(TASK INSTRUCTIONS): Each line below should be repeated exactly, but no picture should be carried over.

** Opening SUPPLIED DATA block **

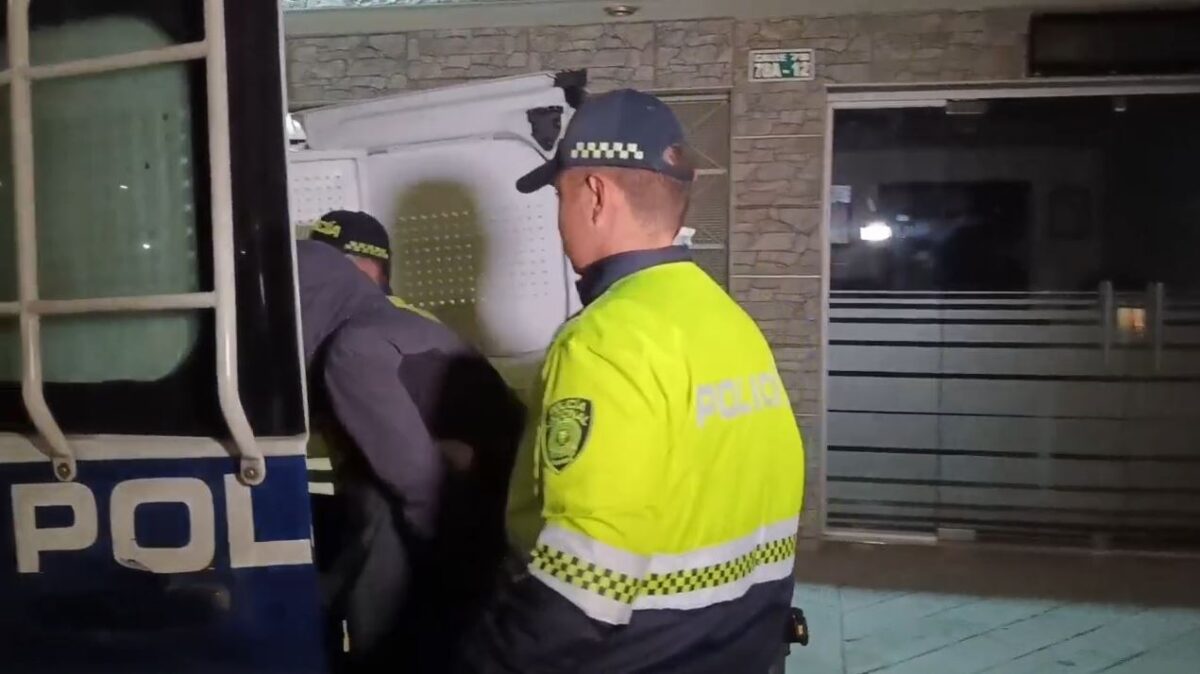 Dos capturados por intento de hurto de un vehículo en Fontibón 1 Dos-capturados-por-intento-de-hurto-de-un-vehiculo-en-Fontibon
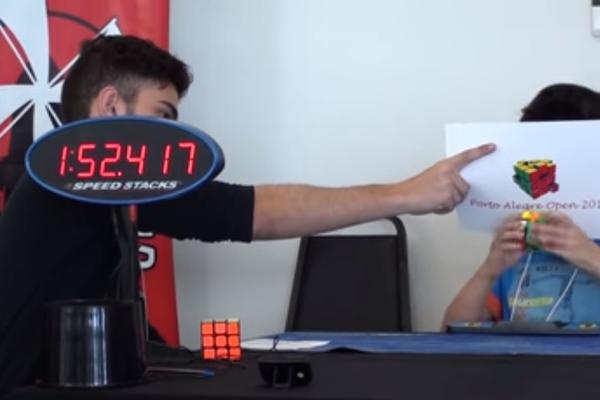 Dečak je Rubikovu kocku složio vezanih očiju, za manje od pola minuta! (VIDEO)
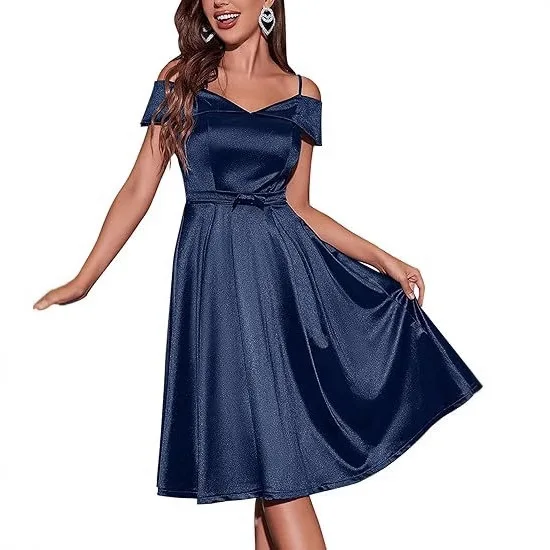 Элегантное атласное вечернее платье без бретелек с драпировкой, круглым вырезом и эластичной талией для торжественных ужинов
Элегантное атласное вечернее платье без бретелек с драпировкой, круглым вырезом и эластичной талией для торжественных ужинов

** Closing SUPPLIED DATA block **

(REPLY):
 Dos capturados por intento de hurto de un vehículo en Fontibón 1 Dos-capturados-por-intento-de-hurto-de-un-vehiculo-en-Fontibon
 Dečak je Rubikovu kocku složio vezanih očiju, za manje od pola minuta! (VIDEO)
 Элегантное атласное вечернее платье без бретелек с драпировкой, круглым вырезом и эластичной талией для торжественных ужинов
Элегантное атласное вечернее платье без бретелек с драпировкой, круглым вырезом и эластичной талией для торжественных ужинов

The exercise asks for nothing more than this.